Write out the entries below exactly, but only from the line containing "Hands Repairing Broken Kintsugi Vase" through the line containing "1973 Topps Baseball", and without the pictures.

Records supplied:
--------------------------------
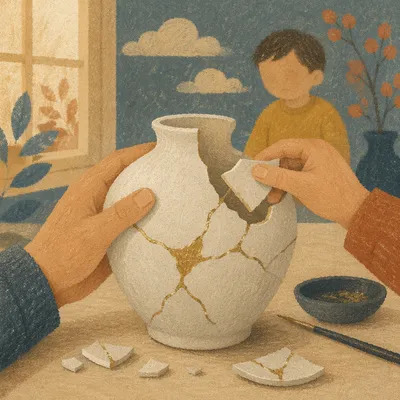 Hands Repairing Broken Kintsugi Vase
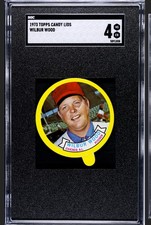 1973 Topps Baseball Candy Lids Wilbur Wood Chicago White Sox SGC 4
--------------------------------
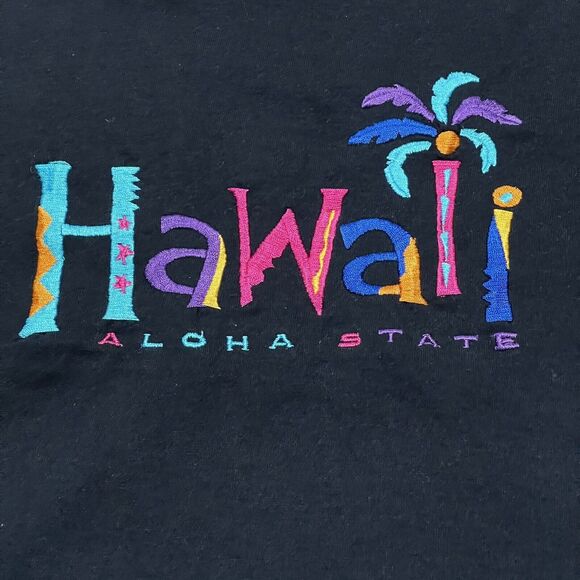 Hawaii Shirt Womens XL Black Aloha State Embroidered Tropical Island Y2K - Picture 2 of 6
--------------------------------
Reply:
 Hands Repairing Broken Kintsugi Vase
 1973 Topps Baseball Candy Lids Wilbur Wood Chicago White Sox SGC 4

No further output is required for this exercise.